▶ Description of the task:
Please return each entry exactly as it appears, but not the pictures.

────────────────

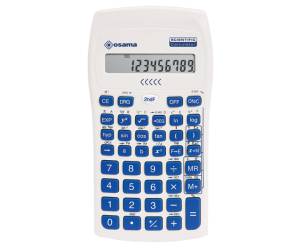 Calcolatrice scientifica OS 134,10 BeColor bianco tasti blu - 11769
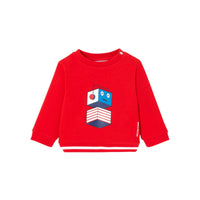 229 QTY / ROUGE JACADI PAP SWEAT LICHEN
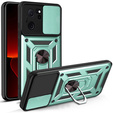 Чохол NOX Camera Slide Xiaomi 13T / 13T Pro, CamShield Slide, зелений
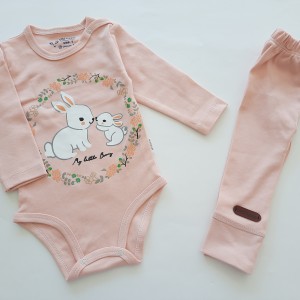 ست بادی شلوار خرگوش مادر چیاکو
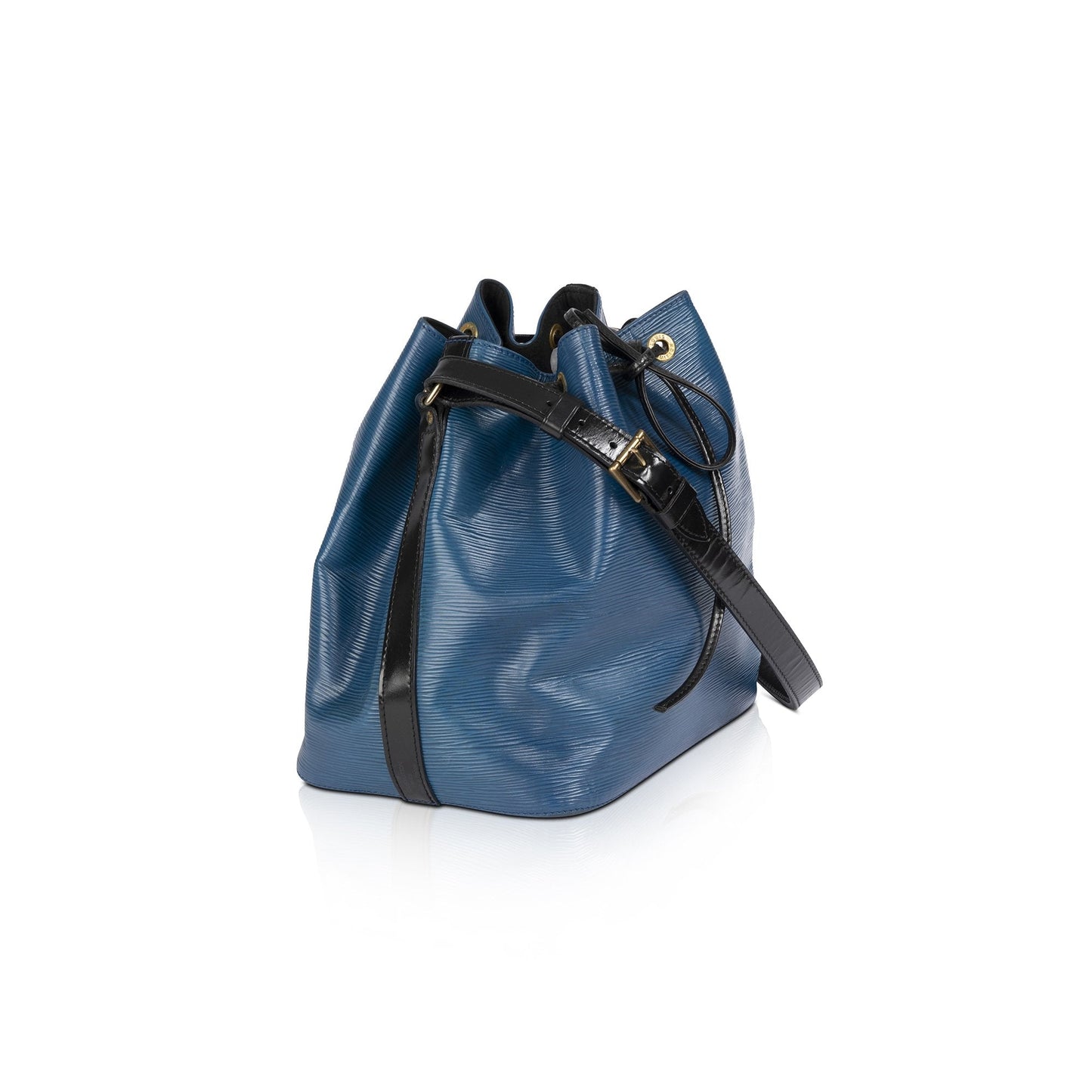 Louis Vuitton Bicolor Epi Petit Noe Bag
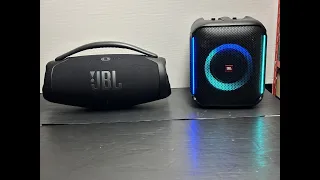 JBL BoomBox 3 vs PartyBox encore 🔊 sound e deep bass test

────────────────

▶ Task answer:
 Calcolatrice scientifica OS 134,10 BeColor bianco tasti blu - 11769
 229 QTY / ROUGE JACADI PAP SWEAT LICHEN
 Чохол NOX Camera Slide Xiaomi 13T / 13T Pro, CamShield Slide, зелений
 ست بادی شلوار خرگوش مادر چیاکو
 Louis Vuitton Bicolor Epi Petit Noe Bag
 JBL BoomBox 3 vs PartyBox encore 🔊 sound e deep bass test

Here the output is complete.